But campaigners against the notorious measure believe there could still be a chance that Revenue and Treasury officials will revisit the rule.
Simon Juden, chairman of the Professional Contractors Group, said this week he remained hopeful that IR35 would be reconsidered in this autumn’s pre-Budget report. He believed that a statement in this year’s Budget left the door open to address IR35.
‘The chancellor stated that the tax-ation of small owner-managed businesses would be reviewed. This means that the government has implicitly recognised that measures such as section 660A and IR35 are causing problems. It is going to take a look at the whole sector and set up of these regulations which, in effect, prevent small businesses and freelancers from trading to their full effect,’ he said.
Paragraph 5.95 of the Budget states that the government will ‘consider the strategic issues raised by the growth in small owner managed businesses, as well as the changing nature of employment and contractual relationships’.

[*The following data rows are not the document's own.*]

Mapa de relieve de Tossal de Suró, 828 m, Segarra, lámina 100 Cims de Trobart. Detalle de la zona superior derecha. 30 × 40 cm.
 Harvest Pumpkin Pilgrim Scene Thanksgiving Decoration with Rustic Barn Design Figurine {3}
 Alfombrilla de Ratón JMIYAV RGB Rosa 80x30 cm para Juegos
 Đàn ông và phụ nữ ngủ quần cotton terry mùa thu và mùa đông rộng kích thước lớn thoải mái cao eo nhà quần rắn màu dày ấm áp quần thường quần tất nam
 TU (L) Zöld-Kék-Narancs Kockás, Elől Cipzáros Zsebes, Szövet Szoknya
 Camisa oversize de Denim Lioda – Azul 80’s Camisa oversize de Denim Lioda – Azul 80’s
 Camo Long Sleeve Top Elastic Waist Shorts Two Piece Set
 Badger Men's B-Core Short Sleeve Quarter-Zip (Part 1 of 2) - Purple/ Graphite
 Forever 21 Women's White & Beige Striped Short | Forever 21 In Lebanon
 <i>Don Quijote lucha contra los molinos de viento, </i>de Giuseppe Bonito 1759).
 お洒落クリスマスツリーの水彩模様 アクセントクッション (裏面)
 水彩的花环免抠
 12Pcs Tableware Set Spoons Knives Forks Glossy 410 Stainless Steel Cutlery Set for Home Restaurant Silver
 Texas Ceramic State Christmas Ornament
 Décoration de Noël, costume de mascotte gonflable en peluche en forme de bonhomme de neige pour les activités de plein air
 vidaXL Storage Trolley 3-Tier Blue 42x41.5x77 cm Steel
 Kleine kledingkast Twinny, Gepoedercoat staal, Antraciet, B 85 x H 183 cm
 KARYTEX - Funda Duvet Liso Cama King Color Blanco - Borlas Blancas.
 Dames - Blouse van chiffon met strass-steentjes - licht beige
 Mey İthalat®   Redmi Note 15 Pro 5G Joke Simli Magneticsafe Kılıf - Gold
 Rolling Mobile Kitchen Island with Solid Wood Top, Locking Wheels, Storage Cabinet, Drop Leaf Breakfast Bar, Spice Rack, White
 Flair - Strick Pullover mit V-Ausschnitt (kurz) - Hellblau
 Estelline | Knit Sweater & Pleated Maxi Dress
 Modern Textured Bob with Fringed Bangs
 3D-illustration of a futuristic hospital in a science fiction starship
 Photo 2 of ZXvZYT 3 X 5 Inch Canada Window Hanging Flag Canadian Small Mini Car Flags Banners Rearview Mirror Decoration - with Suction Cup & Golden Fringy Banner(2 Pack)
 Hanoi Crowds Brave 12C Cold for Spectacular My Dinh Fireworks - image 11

Juden compared the likelihood of a review to the paragraph 5.91 debacle, in which the government remained tight-lipped until the last moment, leaving many small businesses in the dark over whether or not to incorporate their companies.
Another sign that a significant review could fast be approaching is a survey being carried out by the All Party Parliamentary Small Business Group. The body of MPs is conducting an inquiry into owner-managed businesses and their tax in the UK including work on what effect recent changes, such as IR35 and the 19% tax on distributive profits, has had on their businesses.